#### Data excerpt
====================

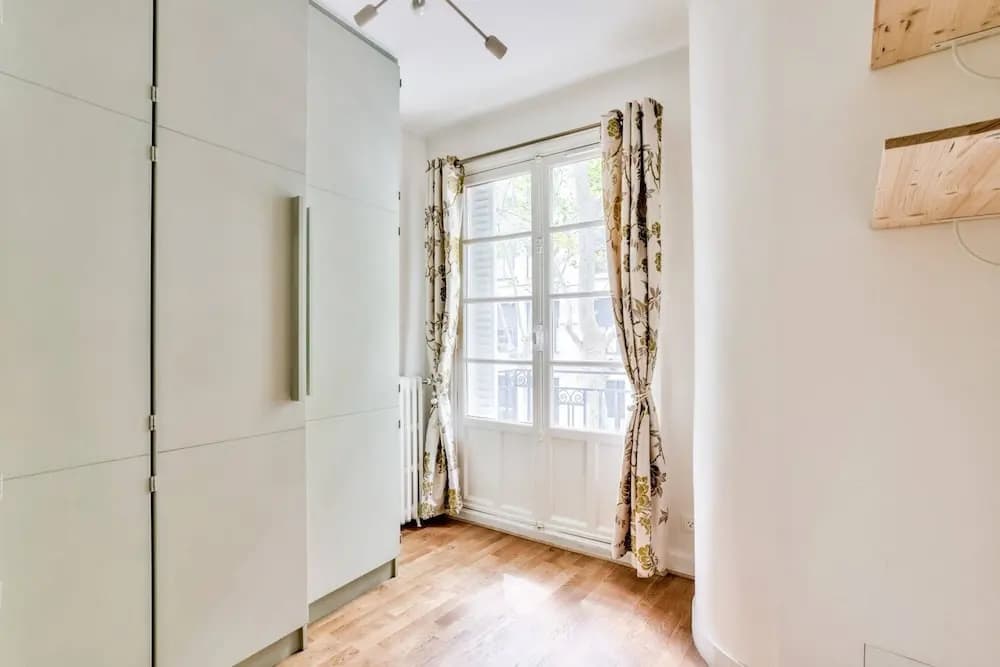 Apartment With Balcony Near Gare Montparnasse - photo 4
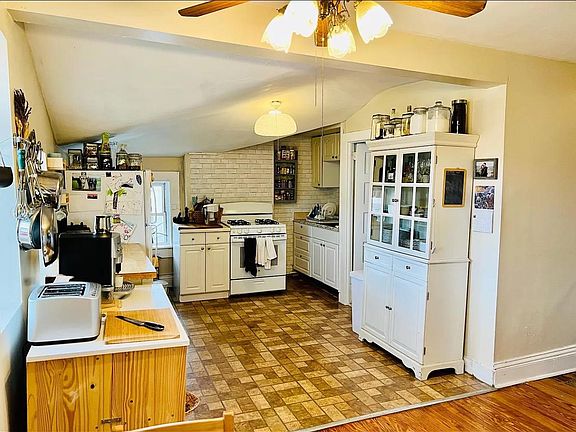 2nd image of 38 Cottage Pl #3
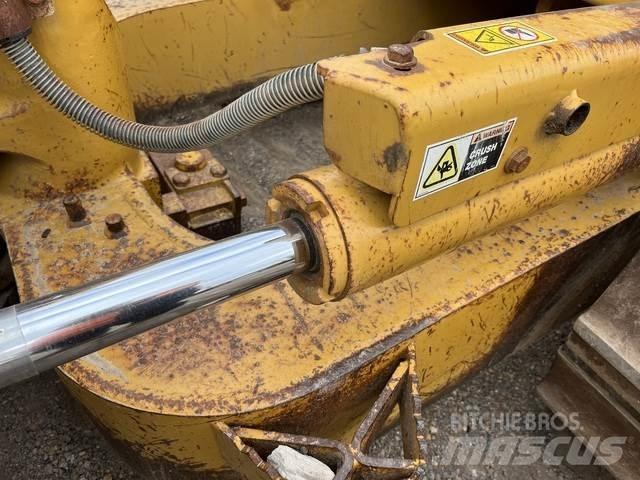 CAT D6N LGP Buldozer sobre oruga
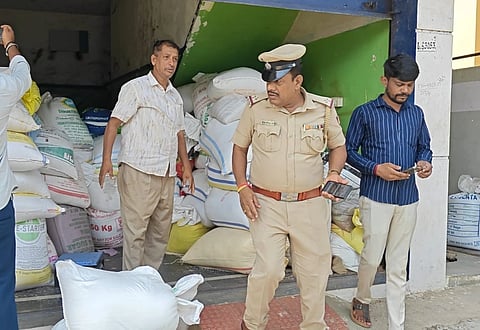 ದೊಡ್ಡಬಳ್ಳಾಪುರದ ಪ್ರಿಯದರ್ಶನಿ ಬಡಾವಣೆಯ ಗೋದಾಮಿನಲ್ಲಿ ಅಕ್ರಮವಾಗಿ ಸಂಗ್ರಹಿಸಿರುವ ಅಕ್ಕಿಯನ್ನು ಪರಿಶೀಲಿಸುತ್ತಿರುವ ಅಧಿಕಾರಿಗಳು.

====================

#### Task to complete
The answer should hold every line of the listing, copied exactly, with no pictures.

#### Problem solution
 Apartment With Balcony Near Gare Montparnasse - photo 4
 2nd image of 38 Cottage Pl #3
 CAT D6N LGP Buldozer sobre oruga
 ದೊಡ್ಡಬಳ್ಳಾಪುರದ ಪ್ರಿಯದರ್ಶನಿ ಬಡಾವಣೆಯ ಗೋದಾಮಿನಲ್ಲಿ ಅಕ್ರಮವಾಗಿ ಸಂಗ್ರಹಿಸಿರುವ ಅಕ್ಕಿಯನ್ನು ಪರಿಶೀಲಿಸುತ್ತಿರುವ ಅಧಿಕಾರಿಗಳು.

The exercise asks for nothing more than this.